***** Task input

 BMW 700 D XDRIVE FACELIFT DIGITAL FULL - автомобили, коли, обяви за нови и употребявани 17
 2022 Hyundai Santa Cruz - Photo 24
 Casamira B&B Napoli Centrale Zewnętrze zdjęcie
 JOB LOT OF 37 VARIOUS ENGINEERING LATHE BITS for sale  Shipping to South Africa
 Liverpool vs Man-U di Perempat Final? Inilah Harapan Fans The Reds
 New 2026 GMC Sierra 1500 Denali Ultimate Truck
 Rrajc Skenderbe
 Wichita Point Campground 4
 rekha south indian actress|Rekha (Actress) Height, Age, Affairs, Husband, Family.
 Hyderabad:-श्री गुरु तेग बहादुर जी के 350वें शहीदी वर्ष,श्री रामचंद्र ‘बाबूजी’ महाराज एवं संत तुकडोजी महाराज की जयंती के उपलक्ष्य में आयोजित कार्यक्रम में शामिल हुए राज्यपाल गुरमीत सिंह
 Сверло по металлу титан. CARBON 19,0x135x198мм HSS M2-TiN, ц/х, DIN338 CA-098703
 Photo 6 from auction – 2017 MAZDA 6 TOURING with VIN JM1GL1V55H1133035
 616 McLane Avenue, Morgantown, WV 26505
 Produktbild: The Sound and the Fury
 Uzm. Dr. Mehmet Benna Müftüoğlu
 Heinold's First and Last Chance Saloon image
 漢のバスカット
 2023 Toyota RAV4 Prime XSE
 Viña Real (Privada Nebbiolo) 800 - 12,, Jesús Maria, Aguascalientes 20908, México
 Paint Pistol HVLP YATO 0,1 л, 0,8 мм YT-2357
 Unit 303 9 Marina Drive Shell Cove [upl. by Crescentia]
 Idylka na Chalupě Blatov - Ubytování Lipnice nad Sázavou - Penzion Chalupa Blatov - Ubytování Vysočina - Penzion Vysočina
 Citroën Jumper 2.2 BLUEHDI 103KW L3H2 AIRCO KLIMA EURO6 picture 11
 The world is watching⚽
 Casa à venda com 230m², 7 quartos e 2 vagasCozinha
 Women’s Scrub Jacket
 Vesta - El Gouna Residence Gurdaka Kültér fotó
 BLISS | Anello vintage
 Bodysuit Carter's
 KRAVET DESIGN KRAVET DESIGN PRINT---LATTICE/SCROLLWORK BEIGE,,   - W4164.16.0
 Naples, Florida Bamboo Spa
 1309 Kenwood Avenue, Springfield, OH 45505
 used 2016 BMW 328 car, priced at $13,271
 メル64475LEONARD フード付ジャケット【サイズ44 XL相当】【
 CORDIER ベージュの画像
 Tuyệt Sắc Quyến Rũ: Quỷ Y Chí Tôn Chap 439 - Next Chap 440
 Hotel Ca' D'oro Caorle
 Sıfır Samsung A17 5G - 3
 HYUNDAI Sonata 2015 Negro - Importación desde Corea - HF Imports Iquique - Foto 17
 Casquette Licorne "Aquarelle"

**********

- **Task brief**: Everything from the first line of the listing above through the line holding "Wichita Point Campground 4" must be retyped exactly; nothing else belongs in the reply.

- **Solution to the problem**:
 BMW 700 D XDRIVE FACELIFT DIGITAL FULL - автомобили, коли, обяви за нови и употребявани 17
 2022 Hyundai Santa Cruz - Photo 24
 Casamira B&B Napoli Centrale Zewnętrze zdjęcie
 JOB LOT OF 37 VARIOUS ENGINEERING LATHE BITS for sale  Shipping to South Africa
 Liverpool vs Man-U di Perempat Final? Inilah Harapan Fans The Reds
 New 2026 GMC Sierra 1500 Denali Ultimate Truck
 Rrajc Skenderbe
 Wichita Point Campground 4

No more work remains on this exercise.